Zombie z humorem jest niezłym hardkorem
Jestem więcej niż pewien, że po przeczytaniu tytułu, przynajmniej połowa z Was zrezygnowała z czytania dzisiejszego odcinka cyklu flashowego. Wszędzie zombie, macie ich dość. Ale czy można dyskwalifikować grę tylko dlatego, że traktuje o umarlakach? A wybaczycie jej jeśli wygląda jak Metal Slug? Panie i Panowie, pora na wieczorne ubijanie nieumarłych w Undead End Hardcore.
30.11.2010 | aktual.: 08.01.2016 13:23
Zasada jest prosta - nie dać się zabić. Bo przecież o to chodzi w grach, filmach czy książkach o zombie. Świat zalała plaga umarlaków, a naszym zadaniem jest przede wszystkim przeżyć, a zupełnie przy okazji wytępić śmierdzące plugastwo.
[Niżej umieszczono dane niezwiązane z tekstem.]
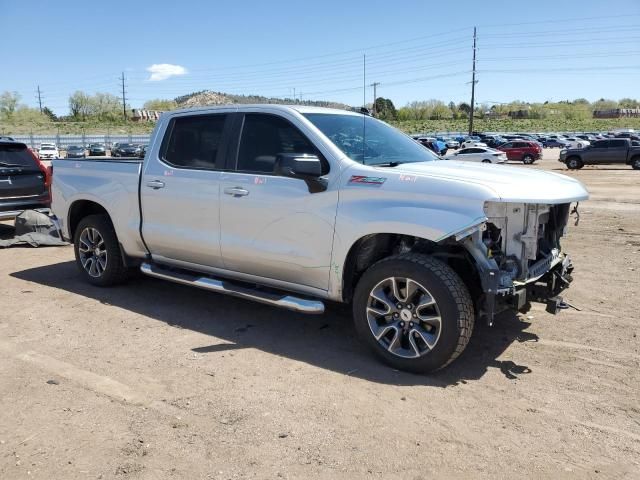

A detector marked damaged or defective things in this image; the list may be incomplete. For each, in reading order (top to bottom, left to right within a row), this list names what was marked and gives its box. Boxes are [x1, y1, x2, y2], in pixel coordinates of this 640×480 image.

damaged front end [460, 201, 576, 324] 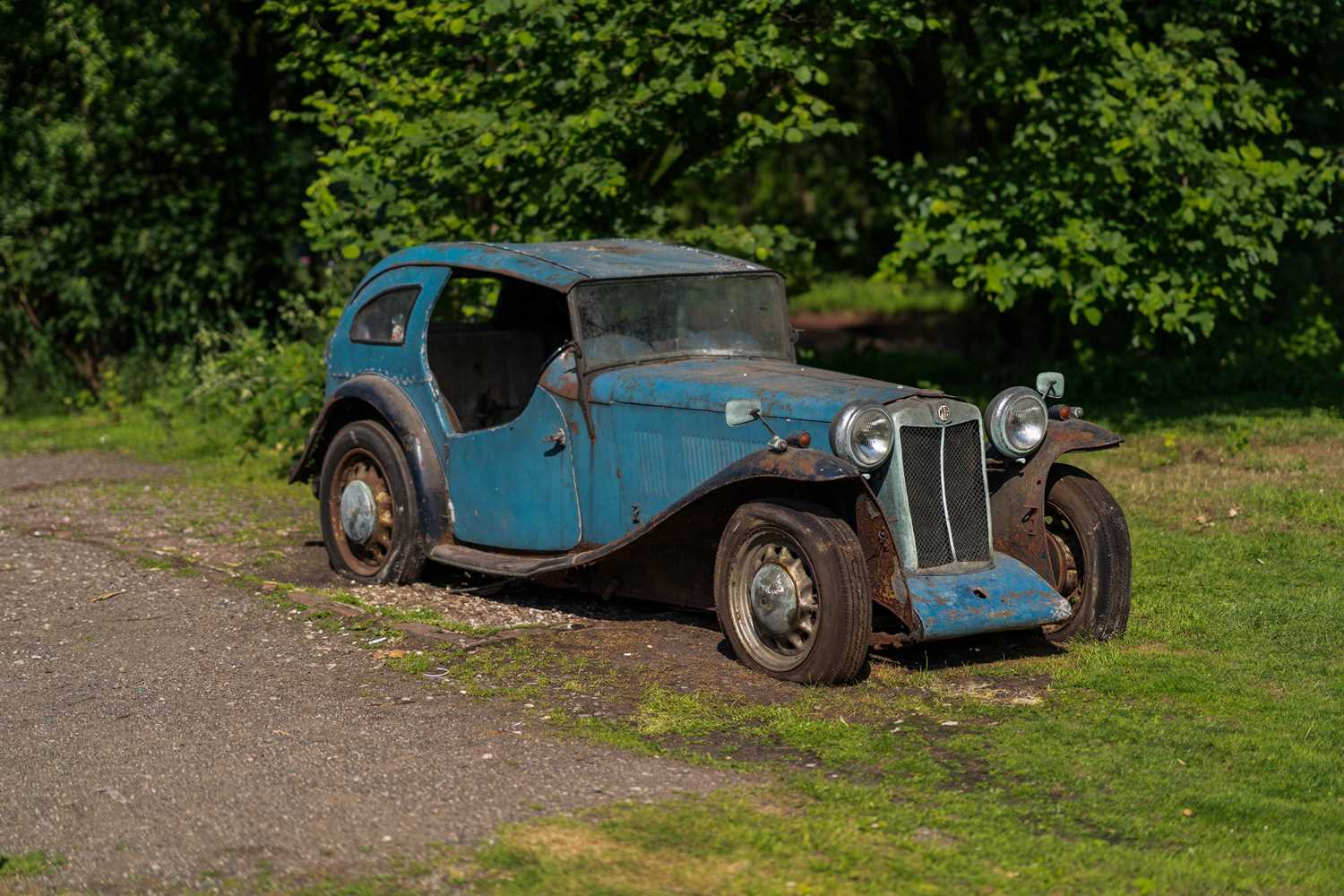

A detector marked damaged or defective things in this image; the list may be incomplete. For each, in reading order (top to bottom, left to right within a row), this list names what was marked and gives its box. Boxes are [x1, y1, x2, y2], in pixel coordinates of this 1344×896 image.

rusted blue car [290, 242, 1133, 681]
Oręż nie będzie oryginalny - w nasze ręce oddano zarówno broń palną, jak i wszelkiej maści przyrządy służące do okładania wrogów. Uwaga, amunicja szybko się kończy, więc warto mieć to na uwadze podczas akcji z udziałem większej liczby przeciwników.
Wizualnie to klasyka i w pewnym sensie stara szkoła. Oprawa graficzna mocno przypomina gry z serii Metal Slug i jak się okazuje, skojarzenia z popularnymi strzelankami narodzą się w Waszych głowach również w związku z poziomem trudności. Bo kto to słyszał, żeby w prostej grze o zabijaniu nieumarłych zginąć na pierwszym etapie? No, ale jak widać, to nie gra dla mięczaków.
Z jednej strony tego typu strzelanki, szczególnie z udziałem zombiaków, szybko się nudzą. Z drugiej natomiast to idealny sposób na niespecjalnie wymagające wysiłku umysłowego rozładowanie negatywnych emocji ciężkiego dnia. Lubicie tego typu prostą rozrywkę czy wolicie jednak bardziej skomplikowane i ambitniejsze tytuły? Zastanówcie się nad tym, oczywiście zaraz po tym, jak położycie trupem przynajmniej kilkaset nieumarłych kreatur w Undead End Hardcore.